#43255 [BC-Medium] user transactions might be lost due to missing error handling in celestia rpc client requests blob submit failure
#43255 [BC-Medium] User Transactions might be lost due to missing Error Handling in Celestia RPC Client Requests `blob_submit` failure
Submitted on Apr 4th 2025 at 04:03:41 UTC by @perseverance for Attackathon | Movement Labs
Report ID: #43255
Report Type: Blockchain/DLT
Report severity: Medium
Target: https://github.com/immunefi-team/attackathon-movement/tree/main/protocol-units/da/movement/
Impacts:
Causing network processing nodes to process transactions from the mempool beyond set parameters
Description
Summary
User Transactions received from users into Mempool are batched into a gRPC batch_write requests to send to DA Lightnode. The Blob Data is sent from DA Lightnode to Celestia. Since this communication is via a network communication protocol, there can be errors of different reasons. There is no mechanism in place to retry on failures. If DA Lightnode works in sequencer
mode, then the function tick_publish_blobs
just return error. This might cause user transactions to be lost and not executed, although the user transactions submission RPC requests returned success.
There would be no error to inform users.
Technical Details
Vulnerability Location
In the Scenario DA Ligtnode works in sequencer
mode, the vulnerability exists in tick_publish_blobs
function. In this function, the blocks are taken out of Receiver MPSC channel that is FIFO channel. And then call submit_blocks
to send blob data to Celestia. In case submit_blocks
return error, the function tick_publish_blobs
just return error silently, there is no mechanism to retry or store the blocks back to the database to retry later.

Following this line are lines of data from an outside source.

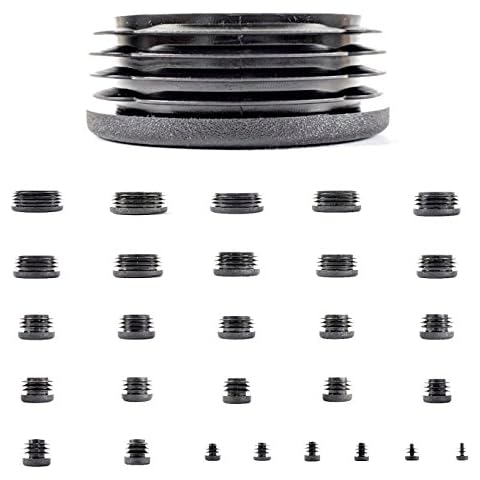 60mm Plastic End Caps, Black Round Tube Inserts, Pack of 4 (See Second Image for Ordering Guide) - Made in Germany Cover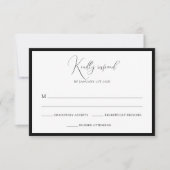 Elegant Black & White Monogram Bordered Wedding RSVP Kaartje (Voorkant)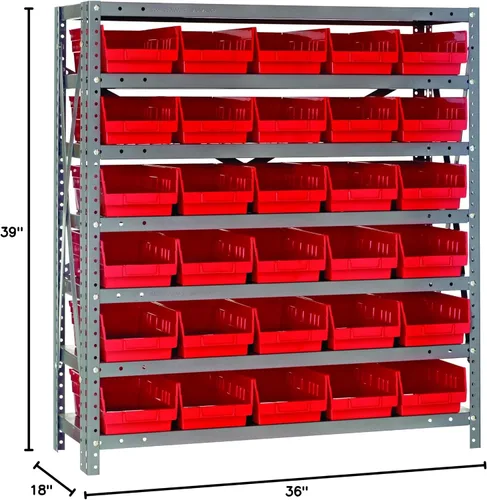 Vista 499 de Quantum QSBU-245BK Heavy Duty Shelving Unit with (7) Shelves and (24) QUS245 Black Bins for Garage Warehouse Storage Distribution 400 lb Load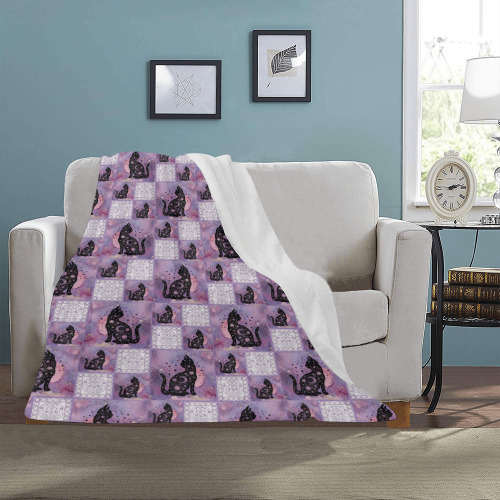 Purple Cosmic Cats Patchwork Pattern Ultra-Soft Micro Fleece Blanket 30''x40''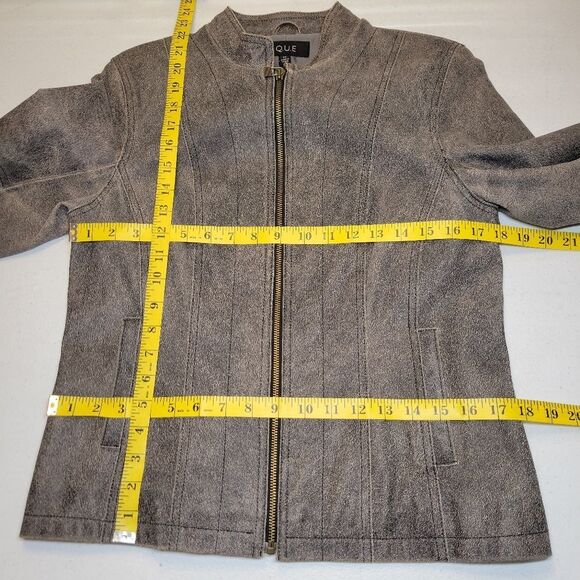 QUE Women's Gray Leather Moto Bikercore Jacket Women's Medium - Picture 10 of 15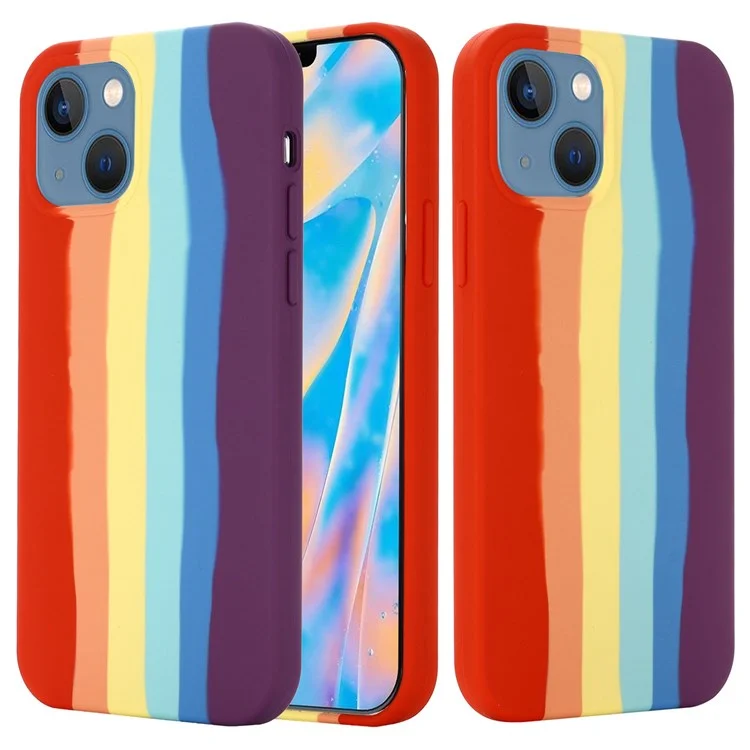 For iPhone 14 Plus 6.7 inch Rainbow Design Liquid Silicone Phone Back Cover Anti-scratch Anti-drop Case - Red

So in this case, the block
that contains thousands of user transactions are lost.
Notice that although for DA Lightnode, the RockDB database is available, but the project has not implemented any retry mechanism or write back the blocks to database to retry later in case of failures.
https://github.com/immunefi-team/attackathon-movement/blob/a2790c6ac17b7cf02a69aea172c2b38d2be8ce00/protocol-units/da/movement/protocol/light-node/src/sequencer.rs#L219-L241
/// Ticks the block proposer to build blocks and submit them
async fn tick_publish_blobs(
&self,
receiver: &mut Receiver<Block>,
) -> Result<(), anyhow::Error> {
// get some blocks in a batch
let blocks = self.read_blocks(receiver).await?; // @audit blocks are taken out of Receiver MPSC channel that is FIFO channel.
if blocks.is_empty() {
return Ok(());
}
// submit the blobs, resizing as needed
let ids = blocks.iter().map(|b| b.id()).collect::<Vec<_>>();
for block_id in &ids {
info!(target: "movement_timing", %block_id, "submitting_block_batch");
}
self.submit_blocks(blocks).await?; // @audit call submit_blocks . If this return error then the function return error but blocks are lost
for block_id in &ids {
info!(target: "movement_timing", %block_id, "submitted_block_batch");
}
Ok(())
}
Detailed Explanation
Life cycle of a user transaction submission
Code flow of handling of a user transaction submission request to the Sequencer are described in details in report 43188.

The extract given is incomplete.